__Exercise__
Print, exactly and completely, every entry in the data.

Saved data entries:
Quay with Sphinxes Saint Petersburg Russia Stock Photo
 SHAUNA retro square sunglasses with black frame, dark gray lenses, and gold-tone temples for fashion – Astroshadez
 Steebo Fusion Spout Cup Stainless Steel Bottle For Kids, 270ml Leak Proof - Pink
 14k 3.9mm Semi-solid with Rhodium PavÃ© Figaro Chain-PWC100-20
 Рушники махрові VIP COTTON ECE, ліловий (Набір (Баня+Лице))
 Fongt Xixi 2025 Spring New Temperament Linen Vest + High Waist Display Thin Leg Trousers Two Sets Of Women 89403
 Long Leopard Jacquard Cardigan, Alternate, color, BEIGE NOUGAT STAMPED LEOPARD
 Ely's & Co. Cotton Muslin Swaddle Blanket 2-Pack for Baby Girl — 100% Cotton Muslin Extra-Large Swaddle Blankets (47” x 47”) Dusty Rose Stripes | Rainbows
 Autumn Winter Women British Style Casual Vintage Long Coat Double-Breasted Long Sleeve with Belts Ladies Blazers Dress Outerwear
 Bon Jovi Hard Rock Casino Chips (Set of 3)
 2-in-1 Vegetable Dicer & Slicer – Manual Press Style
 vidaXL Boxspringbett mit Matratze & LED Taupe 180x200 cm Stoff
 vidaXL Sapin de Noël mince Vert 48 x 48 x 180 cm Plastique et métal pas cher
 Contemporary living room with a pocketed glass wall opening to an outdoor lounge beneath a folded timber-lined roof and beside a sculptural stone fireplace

__Exercise answer__
Quay with Sphinxes Saint Petersburg Russia Stock Photo
 SHAUNA retro square sunglasses with black frame, dark gray lenses, and gold-tone temples for fashion – Astroshadez
 Steebo Fusion Spout Cup Stainless Steel Bottle For Kids, 270ml Leak Proof - Pink
 14k 3.9mm Semi-solid with Rhodium PavÃ© Figaro Chain-PWC100-20
 Рушники махрові VIP COTTON ECE, ліловий (Набір (Баня+Лице))
 Fongt Xixi 2025 Spring New Temperament Linen Vest + High Waist Display Thin Leg Trousers Two Sets Of Women 89403
 Long Leopard Jacquard Cardigan, Alternate, color, BEIGE NOUGAT STAMPED LEOPARD
 Ely's & Co. Cotton Muslin Swaddle Blanket 2-Pack for Baby Girl — 100% Cotton Muslin Extra-Large Swaddle Blankets (47” x 47”) Dusty Rose Stripes | Rainbows
 Autumn Winter Women British Style Casual Vintage Long Coat Double-Breasted Long Sleeve with Belts Ladies Blazers Dress Outerwear
 Bon Jovi Hard Rock Casino Chips (Set of 3)
 2-in-1 Vegetable Dicer & Slicer – Manual Press Style
 vidaXL Boxspringbett mit Matratze & LED Taupe 180x200 cm Stoff
 vidaXL Sapin de Noël mince Vert 48 x 48 x 180 cm Plastique et métal pas cher
 Contemporary living room with a pocketed glass wall opening to an outdoor lounge beneath a folded timber-lined roof and beside a sculptural stone fireplace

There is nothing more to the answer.